We tested these predictions by using speech that naturally varied in the familiarity of its rhythm. This was achieved by using L2 English speech from two speakers, one with a weak foreign accent and one with a strong foreign accent. Importantly, the rhythm characteristics of the speech of the speaker with the weak foreign accent were more similar to those of L1 English speech than those of the L2 speaker with the strong accent [
24]. The results supported the first set of predictions (the rhythm hypothesis) and disconfirmed the second (cuing) hypothesis. That is, there was a significant peri-oral visual effect (significantly more keywords being recognized in the AVm than in the AO condition) for L1 speech, as well as for the speech with the weak foreign accent, but no significant peri-oral visual effect for the speech with a strong foreign accent. In sum, the results suggest that the visual speech intelligibility benefit observed in the AVm is based on speech rhythm.
Even though there was no visual rhythm effect for the strong foreign-accented L2 English speech, there was a significant speech-segment effect, that is, significantly more keywords were recognized in the AV compared to the AVm condition. Moreover, there was no difference in the size of this effect and the segment effect shown for the speech of the speaker with a weak foreign accent. This result serves to emphasize the likely difference in the way that the visual rhythm effect and the segment one are generated.
The current results showed an accent familiarity effect, i.e., the visual rhythm effect did not occur for the strong foreign-accented speech but did for the weak accented one. Davis and Kim [
4] suggested that visual rhythm information facilitates speech processing because it assists in speech segmentation. The tacit assumption here is that perceivers can use familiar speech rhythm because they have an internal model of the timing of speech based on what they have routinely experienced. To explain the importance of familiarity in the rhythm effect, we propose that this model can be triggered when L2 speech is produced with similar rhythmic timing to that of the L1 speech, and this top-down knowledge supplements bottom-up processing. Indeed, as mentioned, our prior analyses showed that the acoustic timing of the weak foreign-accented L2 speech was similar to the timing of L1 productions. In contrast, the timing of the strong foreign-accented L2 speech was rhythmically less similar to the L1 speech, and so presumably failed to trigger the model.

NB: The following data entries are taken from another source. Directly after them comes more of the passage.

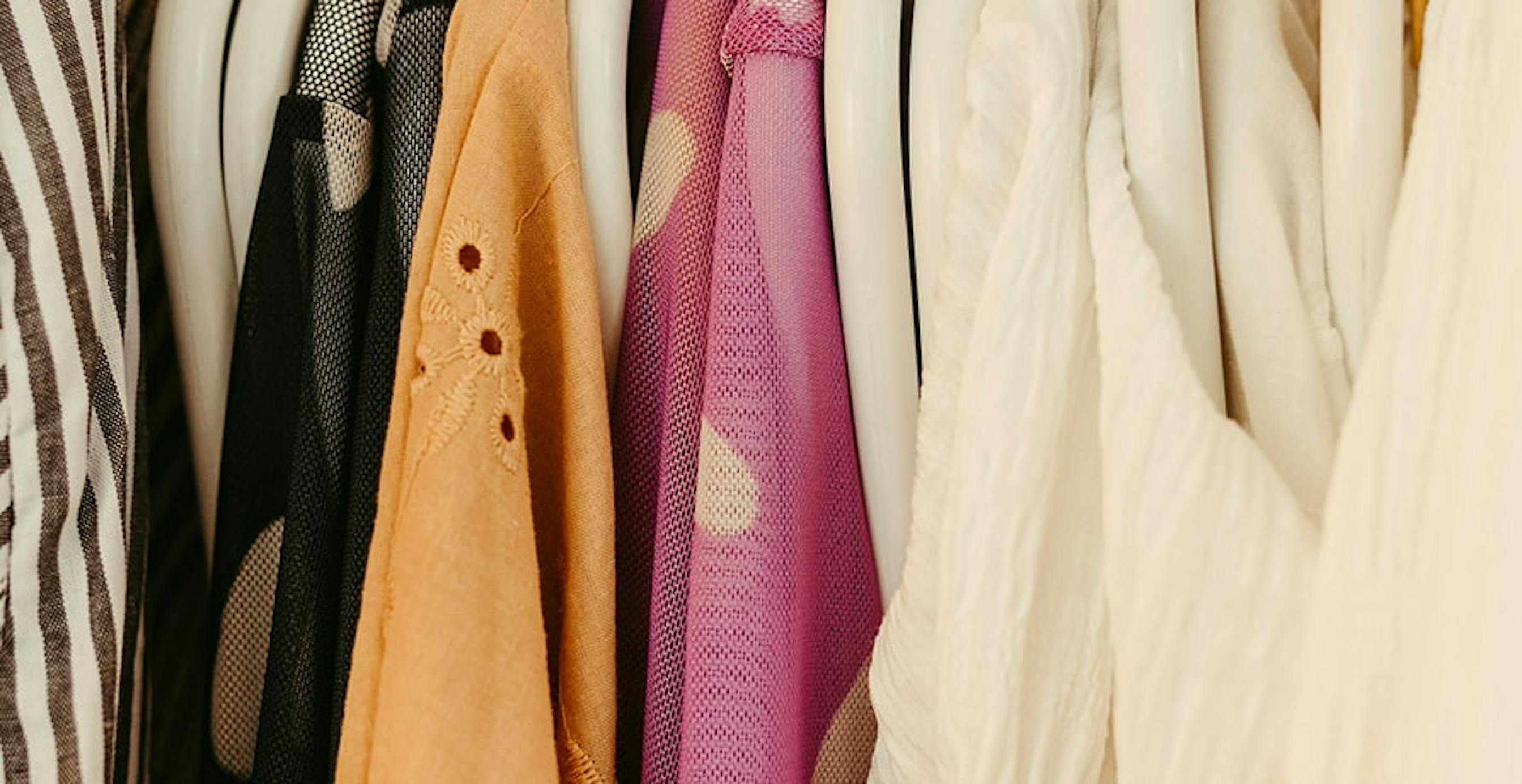 des vêtements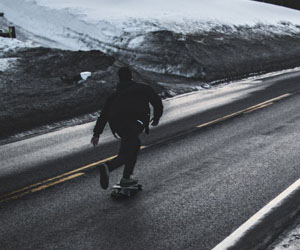 człowiek na mountainboardzie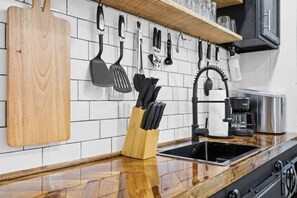 冰箱、微波炉、茶具/咖啡用具、厨具/餐具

Having demonstrated a visual speech rhythm effect, we suggest that there are two avenues for future research that could be usefully explored. The first would be to parametrically vary L1 and L2 speech properties to establish the boundary conditions of the visual rhythm effect. This could be achieved by using so-called transplanted speech segments and rhythm stimuli. These auditory stimuli are generated by, for example, retiming the segments produced by an L1 speaker to match the durations of an L2 speaker. These auditory stimuli could then be used to generate visual speech from the latest auditory to visual speech models, which can generalize to the input (see [
36]). Experiments could not only test the degree to which speech-segment and speech-rhythm information influence each other, but also test, via repeated exposure, how rapidly new rhythm models can be learned. A second promising avenue for future research would be to use such stimuli in neuroimaging studies. In this way, the brain basis for visual speech rhythm processing could be established, and the general link between visual and auditory rhythm processing explored.